Replacement for lambda - 'def' as an expression?
Terry Reedy
tjreedy at udel.edu
Tue Sep 6 15:37:52 EDT 2005
"Sybren Stuvel" <sybrenUSE at YOURthirdtower.com.imagination> wrote in message
news:slrndhr3q6.48f.sybrenUSE at schuimige.unrealtower.org...
> talin at acm dot org enlightened us with:
>> I'd be sad to see the notion of "anonymous functions" go
Though it is as yet unclear as to what may come in compensation.
> Same here. I think it's a beautyful concept
Are you claiming that including a reference to the more humanly readable
representation of a function (its source code) somehow detracts from the
beauty of the function concept?
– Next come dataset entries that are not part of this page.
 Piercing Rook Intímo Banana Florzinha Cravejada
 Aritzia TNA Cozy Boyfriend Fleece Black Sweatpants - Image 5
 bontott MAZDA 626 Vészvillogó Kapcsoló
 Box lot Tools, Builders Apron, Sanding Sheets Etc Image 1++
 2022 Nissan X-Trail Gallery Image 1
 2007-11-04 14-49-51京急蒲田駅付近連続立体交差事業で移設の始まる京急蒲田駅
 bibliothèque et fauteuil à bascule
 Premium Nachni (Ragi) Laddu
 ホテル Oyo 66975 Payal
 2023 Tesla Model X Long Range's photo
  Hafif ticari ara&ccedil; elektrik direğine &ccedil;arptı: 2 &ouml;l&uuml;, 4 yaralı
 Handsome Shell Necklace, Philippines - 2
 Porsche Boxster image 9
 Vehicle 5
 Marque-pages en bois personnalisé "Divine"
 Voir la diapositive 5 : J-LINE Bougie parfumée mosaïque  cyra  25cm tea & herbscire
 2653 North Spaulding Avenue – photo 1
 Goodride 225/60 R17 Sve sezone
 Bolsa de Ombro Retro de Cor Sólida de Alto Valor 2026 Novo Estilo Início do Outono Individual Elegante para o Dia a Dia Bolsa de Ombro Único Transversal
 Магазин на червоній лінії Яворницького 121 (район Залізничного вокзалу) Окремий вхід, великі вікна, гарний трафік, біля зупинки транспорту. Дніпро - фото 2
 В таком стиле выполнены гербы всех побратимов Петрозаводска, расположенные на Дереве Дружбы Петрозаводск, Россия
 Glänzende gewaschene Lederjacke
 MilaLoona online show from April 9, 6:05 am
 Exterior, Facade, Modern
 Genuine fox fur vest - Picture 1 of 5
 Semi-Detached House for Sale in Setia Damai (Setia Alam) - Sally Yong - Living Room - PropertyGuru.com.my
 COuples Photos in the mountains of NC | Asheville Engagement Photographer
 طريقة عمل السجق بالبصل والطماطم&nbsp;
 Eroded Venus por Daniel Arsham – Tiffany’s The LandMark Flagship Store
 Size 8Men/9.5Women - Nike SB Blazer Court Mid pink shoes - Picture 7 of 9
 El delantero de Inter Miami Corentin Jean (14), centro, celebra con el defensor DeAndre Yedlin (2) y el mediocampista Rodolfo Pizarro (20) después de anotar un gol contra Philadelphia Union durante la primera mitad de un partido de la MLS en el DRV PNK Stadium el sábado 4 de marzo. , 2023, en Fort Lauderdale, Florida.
Or are you claiming that binding a
function to a name rather than some other access reference (like a list
slot) somehow detracts from its conceptual beauty? Is so, would you say
the same about numbers?
It seems to me that the beauty of the function concept is quite independent
of its definition syntax and post-definition access method.
>, and very powerful.
If anything, adding a source pointer to a function object makes it more,
not less powerful.
>> What about passing an anonymous function as an argument,
>> which is the most common case?
>
> I don't really like that. The syntax is way too messy.
I agree.
> Just the
> funcref = def(args):
> ...
> syntax would suffice for me.
But this is deficient relative to def funcref(args): ... since the *only*
difference is to substitute a generic tag (like '<lambda>') for a specific
tag (like 'funcref') for the .func_name attribute.